# northern outing



## primo (Apr 1, 2000)

Any thoughts on a gathering of the people that live north?


----------



## Tom (Sep 12, 2000)

Lets have a banquet in January.


----------



## Hunter333 (Jan 19, 2000)

A January get together would be great!! Let is know when and where to be


----------



## Tom (Sep 12, 2000)

Whoever is interested in a January banquet start posting. I know of a good restaurant that we can get, if you like the chinese stuff. Lot's of room. Maybe if we get enough people I can get Fred and Greg Abbas and maybe one of the TV people to host.
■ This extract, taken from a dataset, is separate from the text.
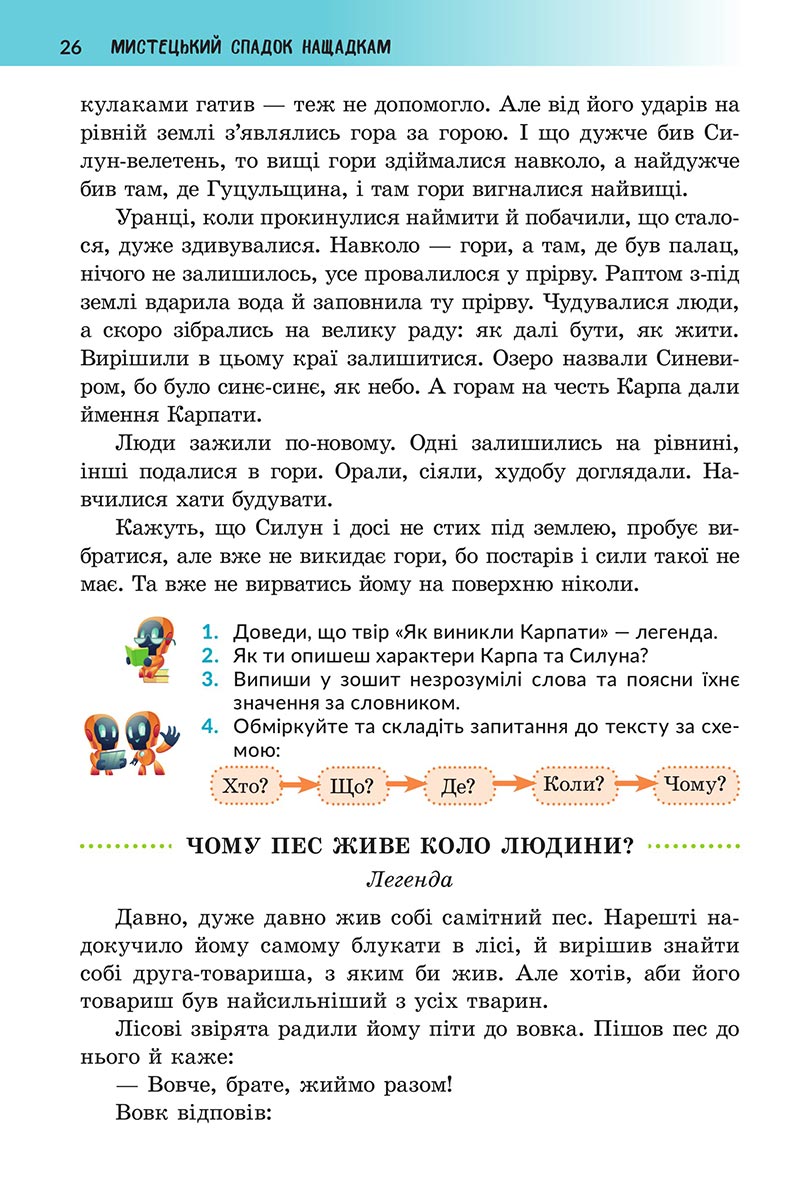 Сторінка 26 - Підручник Українська література 5 клас Архипова 2022 - скачати, читати онлайн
WE need to plan now, January is only 2.5 months away! 

------------------
http://www.deerclover.com


----------



## a1angler (Aug 21, 2000)

Seems with us all being sportsmen (and women) we could put together something besides Chineese. No offense hopefully. But you can probably count me in regardless of what we eat. Snacks and drinks would be my suggestion. 
Maybe we could mention this in our others posts so that the word gets out a little better. I would imagine a lot of members just check out a part of the forum that interests them and that they have time for.


----------



## Sarge (Apr 25, 2000)

Food is my favorite dish and outdoor sports is my favorite subject. Sounds like my kind of situation. With the possible exception of my church commitments you can count Ruth and I in. If we can't go we'll be there in spirit.

------------------
Sarge


----------



## Sarge (Apr 25, 2000)

Question! Define North.....Its a big place.

------------------
Sarge


----------



## Hunter333 (Jan 19, 2000)

Maybe we can find a range that we can shoot skeet at as well as have access to grills or at least somewhere we can eat inside. That way we could all bring some wild game to dine on. Oh yeah, what are we talking about when we say NORTH?


----------



## primo (Apr 1, 2000)

i, would say up north could be somewhere north of west branch.That would allow people to attend.it's always tough for people up here to make the trip south(we forget how to drive in traffic}.Any thoughts?


----------



## a1angler (Aug 21, 2000)

I think there is a real nice facility on the south side of Higgins. Don't know what it is called or any thing like that, but I'm sure someone of us does. Close to the express way kind of, so it would be half assed convient for the travelers.


----------



## Stalker (May 15, 2000)

Eating good food and hunting stories are always a great time. I'll keep tabs and try to make it. January should be a good time.


----------



## toto (Feb 16, 2000)

Count me in, I'd like to put a face to some of these names. Primo, are you buying??? BTW, give me a call about doing some fishing, we have been threatening (sic?) to get together all summer, its finally time.


----------